# What's your favorite fly-fishing makes



## Chris V (Oct 18, 2007)

reels, rods, flies, etc


----------



## REDFISH101 (Mar 27, 2009)

My favorite setup i own is a tibor everglades 8wt on a custom 2pc with a crazy charlie pink with a little cystal flash...It catches everything (almost)


----------



## a (Oct 2, 2007)

REELS........Abel, Tibor, Ross, Nautilus 
RODS.........Sage, Loomis TFO, Echo
FLIES..........Umpqua, dupree spoons!!
SPORTSWEAR........Simms, Patagonia


----------



## timeflies (Oct 3, 2007)

Orvis rods because I know that I can have a new one here tomorrow if anything happens to it. however, I recently picked up a redington rs4 that is unbelievable with an intermediate line and a bulky fly.
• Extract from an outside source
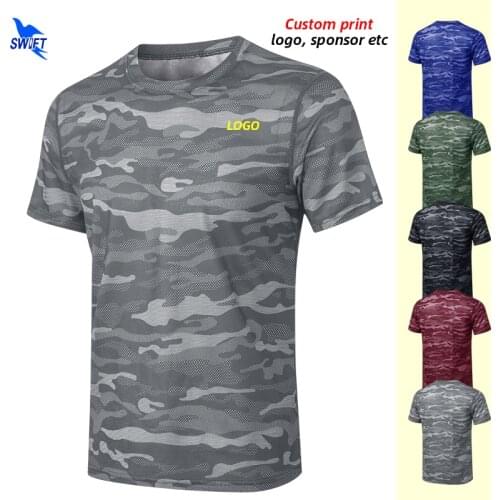 Customize LOGO Running T-Shirt Men Quick Dry Breathable Sports Fitness Shirts Gym Exercise Workout Short Sleeve Camouflage Tops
Reels are another story, I wish I had tibors or abels on all my rods, but for now I am throwing mid-arbor battenkills. Great for the money, but not my pick for a favorite. Flies? I can't remember the last time I bought a fly. My new kick has been the coca-cola daredevil spoon fly, and the fuzz bomb.


----------



## Russian (Jan 13, 2009)

Redington has decent cheap rods I have a few, I also like my Orvis rods, I try to pick up my Orvis gear on ebay or have a few hook ups on discounts. My 9wt Helios which was given to me as a gift is by far my favorite, casts like a dream. 
I also have a fleet of Orvis reels, they are easy to fix and I like Orvis's customer service. I really like the old Orvis DXRs they used to make, have a few of those, but also use their large arbor battenkills. Ross makes a good fly reel also. Of course I would love to have some of the more expensive brands, but I find I can pick up Orvis reels on ebay for a decent price and if the drag is shot get it replaced for next to nothing and you have a brand new reel again.
I tie all my own flies and order most the materials off Cabelas or go down to bass pro and Orvis to get what I cant get off cabelas. On occasion I will buy a fly though if I like the pattern. If its a particular pattern I cant find and want to learn how to tie I will order it off of a random site I find that has it on the net.
I get my waders from Cabelas or Orvis also, but always try to get them on sale or discounted in some way. Clothing comes from many places, Cabelas, Patagonia, under armour, etc.. and you guessed it I shop the sales.


----------



## billfishhead (Jan 15, 2008)

fin nor reel and any rod ive built

most factory rods have too small of guides


----------



## Yut fisher (Feb 28, 2010)

*Rods and Reels*

Rods--Sage Xi2 and RPLXi, TFO TiCr-x and I have my eye on a new Beulah surf rod.

Reels-- Tibor (everglades & riptide), TFO reels have been great for the money I have the 375 and like it.

Flies-- Tan/White Clouser with some Root Beer flash, and a big popper for jacks on top water.


----------